This page describes how to train your own models with omnidata. For the exact code used in the paper, see the paper code dump repo.

Training Strong Models

Omnidata is a means to train models in different vision tasks. Here, we provide the code for training our depth and surface normal estimation models. You can train the models with the following commands:

Depth Estimation

We train DPT-based models on Omnidata using 3 different losses: scale- and shift-invariant loss and scale-invariant gradient matching term introduced in MiDaS, and also virtual normal loss introduced here.

python --config_file config/depth.yml --experiment_name rgb2depth --val_check_interval 3000 --limit_val_batches 100 --max_epochs 10

MiDaS Implementation

We provide an implementation of the MiDaS Loss, specifically the ssimae (scale- and shift invariant MAE) loss and the scale-invariant gradient matching term in losses/ The video below shows the output of our MiDaS reimplementation (a DPT trained on the Omnidata starer datset) compared to the original DPT w/ MiDaS trained on a mix of 10 depth datasets that contains both real images and depth sensor readings. The resampled data from Omnidata seems not to hurt training, since the reimplemented version better captures the 3D shape (quantitative comparisons of depth estimation are in the paper).

MiDaS loss is useful for training depth estimation models on mixed datasets with different depth ranges and scales, similar to our dataset. An example usage is shown below:

from losses.midas_loss import MidasLoss
midas_loss = MidasLoss(alpha=0.1)
midas_loss, ssi_mae_loss, reg_loss = midas_loss(depth_prediction, depth_gt, mask)

alpha specifies the weight of the gradient matching term in the total loss, and mask indicates the valid pixels of the image.

Surface Normal Estimation

We train a UNet architecture (6 down/6 up) for surface normal estimation using L1 Loss and Cosine Angular Loss.

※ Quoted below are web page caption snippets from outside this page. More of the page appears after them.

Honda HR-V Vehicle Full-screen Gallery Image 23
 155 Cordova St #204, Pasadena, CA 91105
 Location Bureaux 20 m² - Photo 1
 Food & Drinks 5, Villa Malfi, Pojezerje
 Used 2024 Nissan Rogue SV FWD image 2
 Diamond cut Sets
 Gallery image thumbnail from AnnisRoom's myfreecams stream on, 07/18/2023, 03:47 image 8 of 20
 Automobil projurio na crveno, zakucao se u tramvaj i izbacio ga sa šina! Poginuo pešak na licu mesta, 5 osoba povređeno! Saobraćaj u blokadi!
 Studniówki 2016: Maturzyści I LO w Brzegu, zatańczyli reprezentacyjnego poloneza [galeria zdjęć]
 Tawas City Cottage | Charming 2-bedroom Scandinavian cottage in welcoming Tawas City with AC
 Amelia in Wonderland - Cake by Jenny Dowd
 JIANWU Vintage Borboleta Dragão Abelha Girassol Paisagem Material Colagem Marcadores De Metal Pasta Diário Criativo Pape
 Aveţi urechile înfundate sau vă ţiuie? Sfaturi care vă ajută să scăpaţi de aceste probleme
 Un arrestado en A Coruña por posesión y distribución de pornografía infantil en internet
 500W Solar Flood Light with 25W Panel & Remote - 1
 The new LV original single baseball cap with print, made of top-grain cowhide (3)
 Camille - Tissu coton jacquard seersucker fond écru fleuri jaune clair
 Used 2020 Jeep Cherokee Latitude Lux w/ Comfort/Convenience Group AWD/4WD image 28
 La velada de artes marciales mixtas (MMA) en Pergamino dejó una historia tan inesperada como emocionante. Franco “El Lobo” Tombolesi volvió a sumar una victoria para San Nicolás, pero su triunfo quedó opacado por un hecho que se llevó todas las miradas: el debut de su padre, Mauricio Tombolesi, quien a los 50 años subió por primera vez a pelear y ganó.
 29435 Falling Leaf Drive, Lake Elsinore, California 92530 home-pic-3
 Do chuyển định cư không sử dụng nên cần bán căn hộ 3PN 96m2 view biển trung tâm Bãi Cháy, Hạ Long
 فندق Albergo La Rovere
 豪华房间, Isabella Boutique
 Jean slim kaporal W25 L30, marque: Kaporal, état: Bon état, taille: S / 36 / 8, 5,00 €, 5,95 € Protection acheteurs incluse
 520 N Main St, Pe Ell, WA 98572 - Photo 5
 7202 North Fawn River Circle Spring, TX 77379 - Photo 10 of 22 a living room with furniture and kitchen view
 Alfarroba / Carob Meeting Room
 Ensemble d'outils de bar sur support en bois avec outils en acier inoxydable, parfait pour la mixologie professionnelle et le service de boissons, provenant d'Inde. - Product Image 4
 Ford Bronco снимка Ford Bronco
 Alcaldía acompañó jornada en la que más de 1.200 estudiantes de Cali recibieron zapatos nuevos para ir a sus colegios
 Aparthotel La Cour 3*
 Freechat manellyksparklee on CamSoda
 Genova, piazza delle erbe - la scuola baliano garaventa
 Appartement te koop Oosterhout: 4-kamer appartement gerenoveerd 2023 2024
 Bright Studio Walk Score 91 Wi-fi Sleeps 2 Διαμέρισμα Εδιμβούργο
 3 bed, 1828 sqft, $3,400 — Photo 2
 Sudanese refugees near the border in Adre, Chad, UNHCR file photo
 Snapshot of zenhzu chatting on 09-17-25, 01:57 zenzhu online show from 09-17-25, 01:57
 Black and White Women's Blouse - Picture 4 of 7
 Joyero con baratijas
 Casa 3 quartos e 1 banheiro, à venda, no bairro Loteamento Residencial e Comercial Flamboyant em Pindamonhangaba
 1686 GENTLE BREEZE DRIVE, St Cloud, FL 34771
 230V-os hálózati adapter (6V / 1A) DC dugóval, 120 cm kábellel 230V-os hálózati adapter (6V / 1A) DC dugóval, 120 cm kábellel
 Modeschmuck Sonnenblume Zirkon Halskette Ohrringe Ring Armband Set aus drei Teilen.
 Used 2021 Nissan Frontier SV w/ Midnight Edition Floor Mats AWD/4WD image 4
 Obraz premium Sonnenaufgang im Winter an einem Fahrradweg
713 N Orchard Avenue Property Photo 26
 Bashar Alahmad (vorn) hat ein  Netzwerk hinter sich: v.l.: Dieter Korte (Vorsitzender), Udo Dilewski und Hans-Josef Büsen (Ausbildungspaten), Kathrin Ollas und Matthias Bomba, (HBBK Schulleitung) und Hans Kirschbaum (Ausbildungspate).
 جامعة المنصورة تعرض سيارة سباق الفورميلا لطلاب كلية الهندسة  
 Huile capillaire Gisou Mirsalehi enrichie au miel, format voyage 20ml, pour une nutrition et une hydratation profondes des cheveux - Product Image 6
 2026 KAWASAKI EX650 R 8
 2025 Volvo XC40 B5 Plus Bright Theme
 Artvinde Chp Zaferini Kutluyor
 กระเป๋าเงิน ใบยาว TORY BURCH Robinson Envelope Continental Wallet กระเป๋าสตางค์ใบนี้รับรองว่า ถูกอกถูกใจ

python --config_file config/normal.yml --experiment_name rgb2normal --val_check_interval 3000 --limit_val_batches 100 --max_epochs 10

Here are some results (compared to X-Task Consistency):

3D Depth-of-Field Augmentation

Mid-level cues can be used for data augmentations in addition to training targets. The availability of full scene geometry in our dataset makes the possibility of doing Image Refocusing as a 3D data augmentation. You can find an implementation of this augmentation in data/ You can run this augmentation on some sample images from our dataset with the following command.

python --input_path assets/demo_refocus/ --output_path assets/demo_refocus

This will refocus RGB images by blurring them according to depth_euclidean for each image. You can specify some parameters of the augmentation with the following tags: --num_quantiles (number of qualtiles to use in blur stack), --min_aperture (smallest aperture to use), --max_aperture (largest aperture to use). Aperture size is selected log-uniformly in the range between min and max aperture.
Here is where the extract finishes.